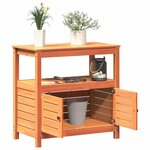 vidaXL Table de rempotage avec étagères marron bois massif de pin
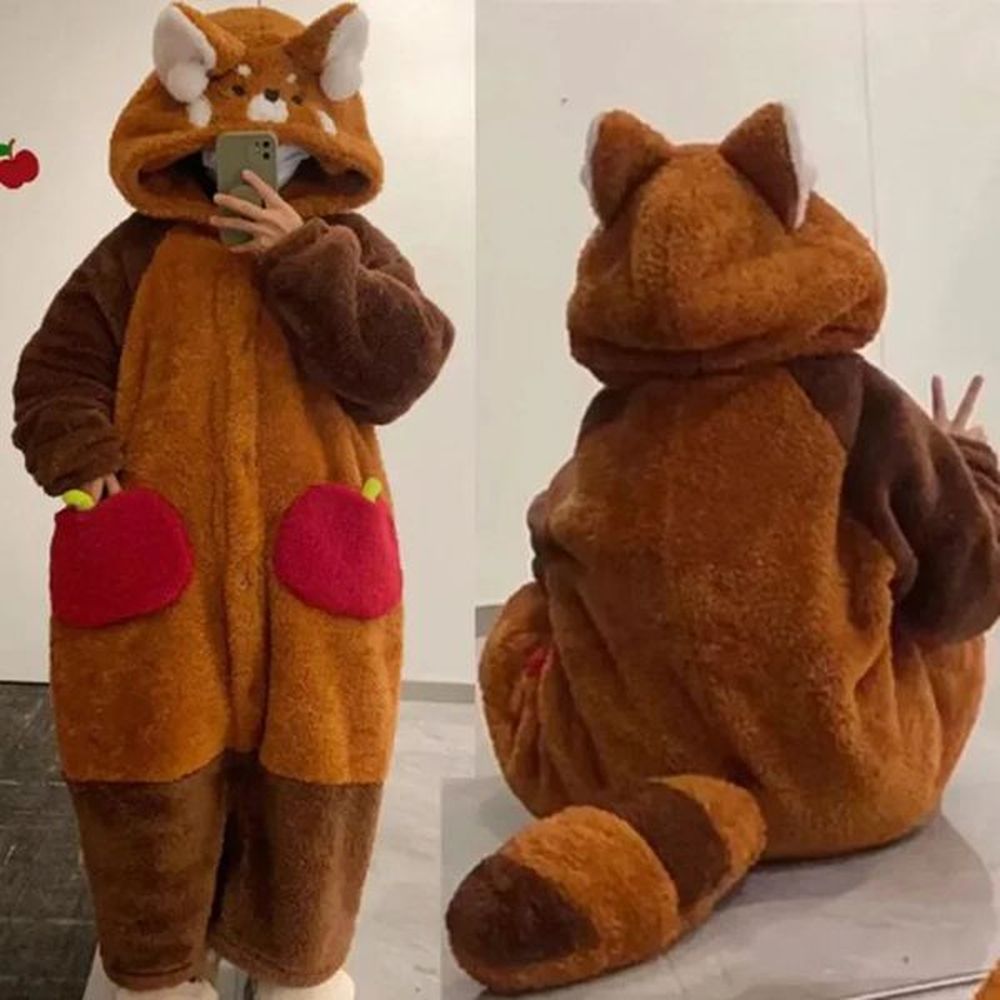 adult raccoon costumes cartoon pajamas halloween roleplaying animal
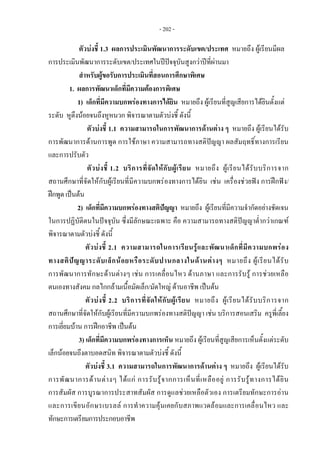 - 202 - 
ตัวบงชี้ 1.3 ผลการประเมินพัฒนาการระดับเขต/ประเทศ หมายถึง ผูเรียนมีผล
การประเมินพัฒนาการระดับเขต/ประเทศในปปจจุบันสูงกวาปที่ผานมา
สําหรับผูขอรับการประเมินที่สอนการศึกษาพิเศษ
1. ผลการพัฒนาเด็กที่มีความตองการพิเศษ
1) เด็กที่มีความบกพรองทางการไดยิน หมายถึง ผูเรียนที่สูญเสียการไดยินตั้งแต
ระดับ หูตึงนอยจนถึงหูหนวก พิจารณาตามตัวบงชี้ ดังนี้
ตัวบงชี้ 1.1 ความสามารถในการพัฒนาการดานตาง ๆ หมายถึง ผูเรียนไดรับ
การพัฒนาการดานการพูด การใชภาษา ความสามารถทางสติปญญา ผลสัมฤทธิ์ทางการเรียน
และการปรับตัว
ตัวบงชี้ 1.2 บริการที่จัดใหกับผูเรียน หมายถึง ผูเรียนไดรับบริการจาก
สถานศึกษาที่จัดใหกับผูเรียนที่มีความบกพรองทางการไดยิน เชน เครื่องชวยฟง การฝกฟง/
ฝกพูด เปนตน
2) เด็กที่มีความบกพรองทางสติปญญา หมายถึง ผูเรียนที่มีความจํากัดอยางชัดเจน
ในการปฏิบัติตนในปจจุบัน ซึ่งมีลักษณะเฉพาะ คือ ความสามารถทางสติปญญาต่ํากวาเกณฑ
พิจารณาตามตัวบงชี้ ดังนี้
ตัวบงชี้ 2.1 ความสามารถในการเรียนรูและพัฒนาเด็กที่มีความบกพรอง
ทางสติปญญาระดับเล็กนอยหรือระดับปานกลางในดานตางๆ หมายถึง ผูเรียนไดรับ
การพัฒนาการทักษะดานตางๆ เชน การเคลื่อนไหว ดานภาษา และการรับรู การชวยเหลือ
ตนเองทางสังคม กลไกกลามเนื้อมัดเล็ก/มัดใหญ ดานอาชีพ เปนตน
ตัวบงชี้ 2.2 บริการที่จัดใหกับผูเรียน หมายถึง ผูเรียนไดรับบริการจาก
สถานศึกษาที่จัดใหกับผูเรียนที่มีความบกพรองทางสติปญญา เชน บริการสอนเสริม ครูพี่เลี้ยง
การเยี่ยมบาน การฝกอาชีพ เปนตน
3) เด็กที่มีความบกพรองทางการเห็น หมายถึง ผูเรียนที่สูญเสียการเห็นตั้งแตระดับ
เล็กนอยจนถึงตาบอดสนิท พิจารณาตามตัวบงชี้ ดังนี้
ตัวบงชี้ 3.1 ความสามารถในการพัฒนาการดานตาง ๆ หมายถึง ผูเรียนไดรับ
การพัฒนาการดานตางๆ ไดแก การรับรูจากการเห็นที่เหลืออยู การรับรูทางการไดยิน
การสัมผัส การบูรณาการประสาทสัมผัส การดูแลชวยเหลือตัวเอง การเตรียมทักษะการอาน
และการเขียนอักษรเบรลล การทําความคุนเคยกับสภาพแวดลอมและการเคลื่อนไหว และ
ทักษะการเตรียมการประกอบอาชีพ
 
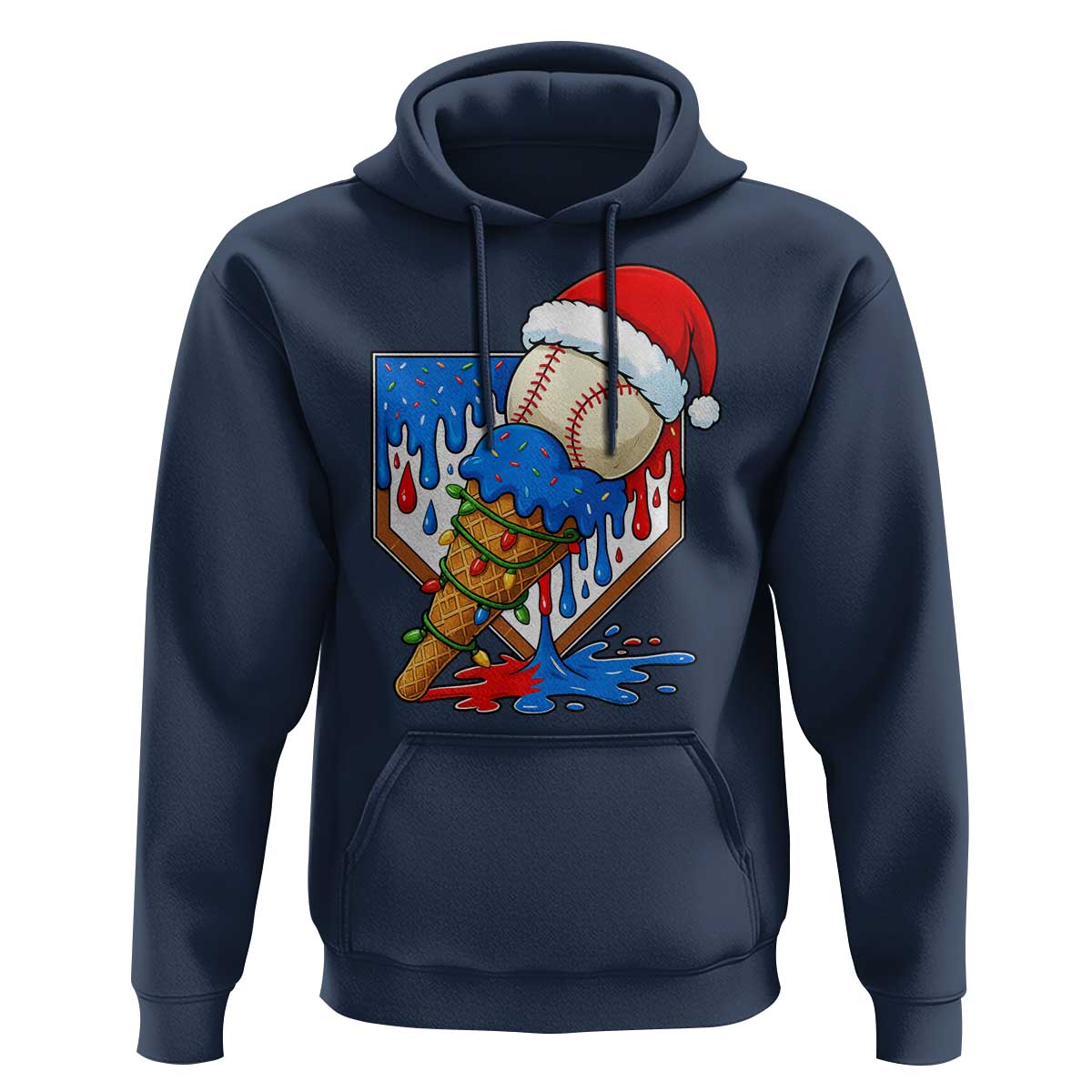 Christmas Baseball Ice Cream Drip Hoodie Santa Sports Player Xmas Light Boys Baseball Bat - Wonder Print Shop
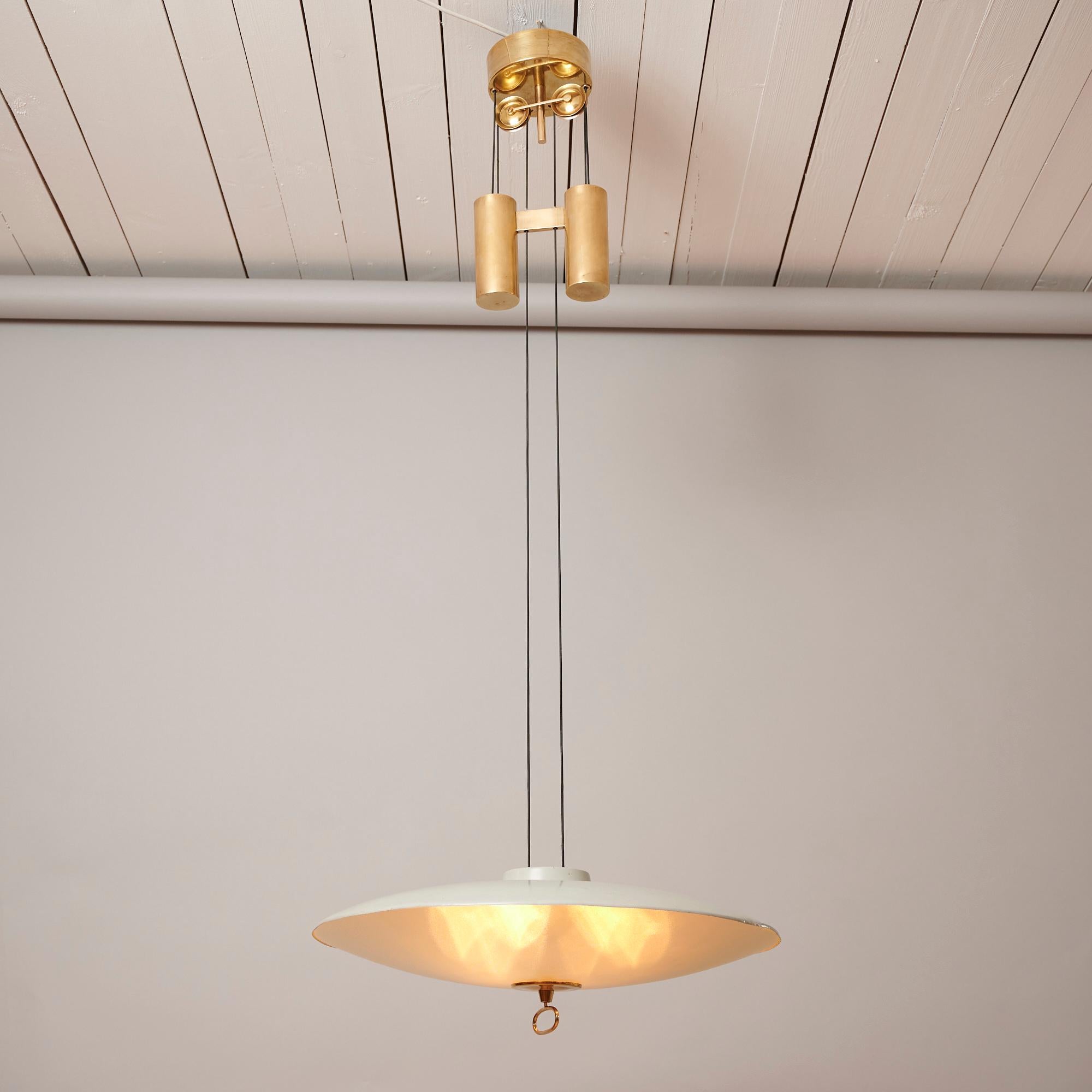 Rare Counterbalance chandelier by Max Ingrand For Fontana Arte c1954 In Good Condition For Sale In London, GB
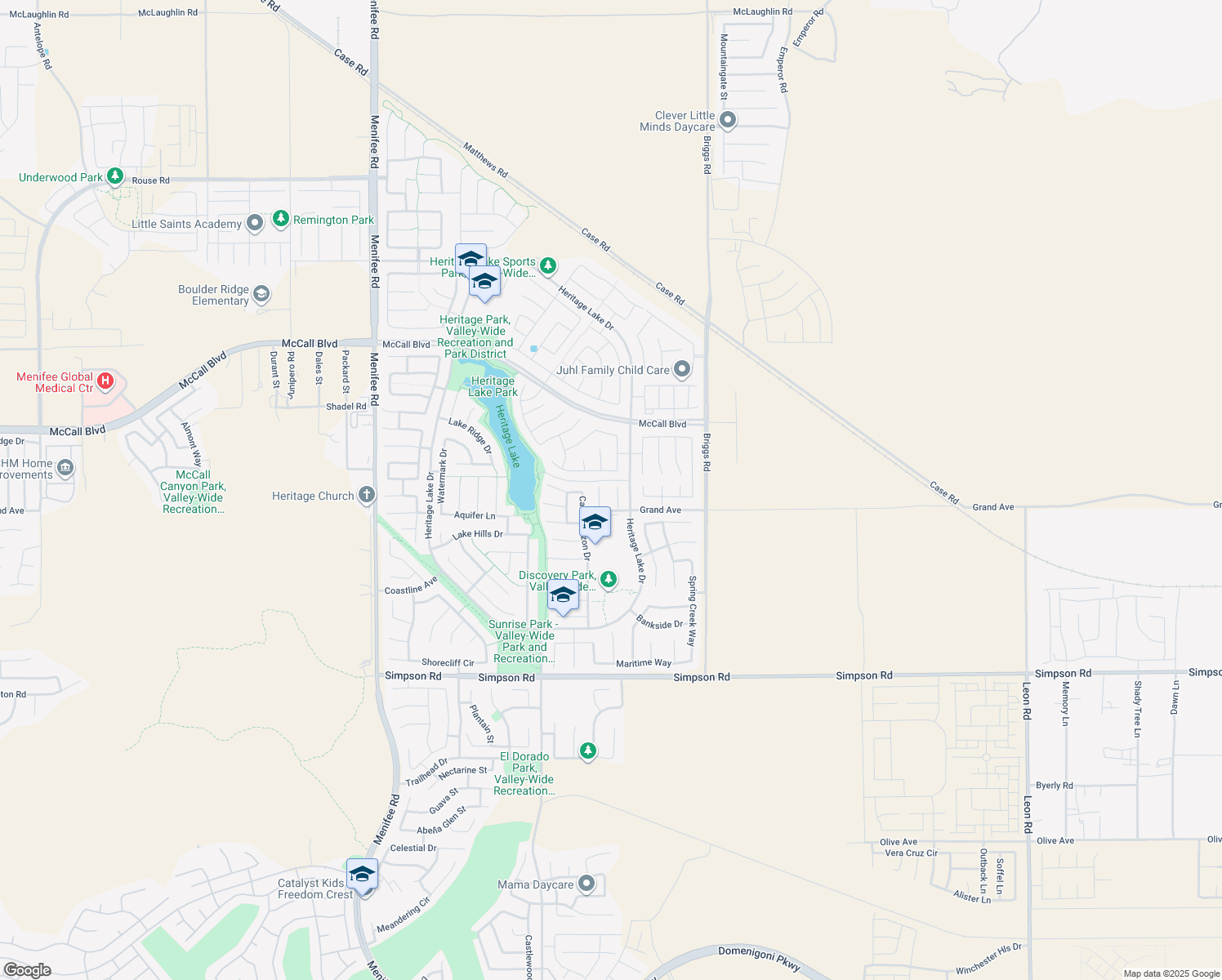 map of restaurants, bars, coffee shops, grocery stores, and more near 27935 Bright Side Cove in Menifee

What is expected: Only one stretch of the records above is wanted: the lines between the one holding "ตัวบงชี้ 1.3 ผลการประเมินพัฒนาการระดับเขต/ประเทศ" and the one holding "ตัวบงชี้ 2.2 บริการที่จัดใหกับผูเรียน", inclusive, reproduced exactly.

Response:
ตัวบงชี้ 1.3 ผลการประเมินพัฒนาการระดับเขต/ประเทศ หมายถึง ผูเรียนมีผล
การประเมินพัฒนาการระดับเขต/ประเทศในปปจจุบันสูงกวาปที่ผานมา
สําหรับผูขอรับการประเมินที่สอนการศึกษาพิเศษ
1. ผลการพัฒนาเด็กที่มีความตองการพิเศษ
1) เด็กที่มีความบกพรองทางการไดยิน หมายถึง ผูเรียนที่สูญเสียการไดยินตั้งแต
ระดับ หูตึงนอยจนถึงหูหนวก พิจารณาตามตัวบงชี้ ดังนี้
ตัวบงชี้ 1.1 ความสามารถในการพัฒนาการดานตาง ๆ หมายถึง ผูเรียนไดรับ
การพัฒนาการดานการพูด การใชภาษา ความสามารถทางสติปญญา ผลสัมฤทธิ์ทางการเรียน
และการปรับตัว
ตัวบงชี้ 1.2 บริการที่จัดใหกับผูเรียน หมายถึง ผูเรียนไดรับบริการจาก
สถานศึกษาที่จัดใหกับผูเรียนที่มีความบกพรองทางการไดยิน เชน เครื่องชวยฟง การฝกฟง/
ฝกพูด เปนตน
2) เด็กที่มีความบกพรองทางสติปญญา หมายถึง ผูเรียนที่มีความจํากัดอยางชัดเจน
ในการปฏิบัติตนในปจจุบัน ซึ่งมีลักษณะเฉพาะ คือ ความสามารถทางสติปญญาต่ํากวาเกณฑ
พิจารณาตามตัวบงชี้ ดังนี้
ตัวบงชี้ 2.1 ความสามารถในการเรียนรูและพัฒนาเด็กที่มีความบกพรอง
ทางสติปญญาระดับเล็กนอยหรือระดับปานกลางในดานตางๆ หมายถึง ผูเรียนไดรับ
การพัฒนาการทักษะดานตางๆ เชน การเคลื่อนไหว ดานภาษา และการรับรู การชวยเหลือ
ตนเองทางสังคม กลไกกลามเนื้อมัดเล็ก/มัดใหญ ดานอาชีพ เปนตน
ตัวบงชี้ 2.2 บริการที่จัดใหกับผูเรียน หมายถึง ผูเรียนไดรับบริการจาก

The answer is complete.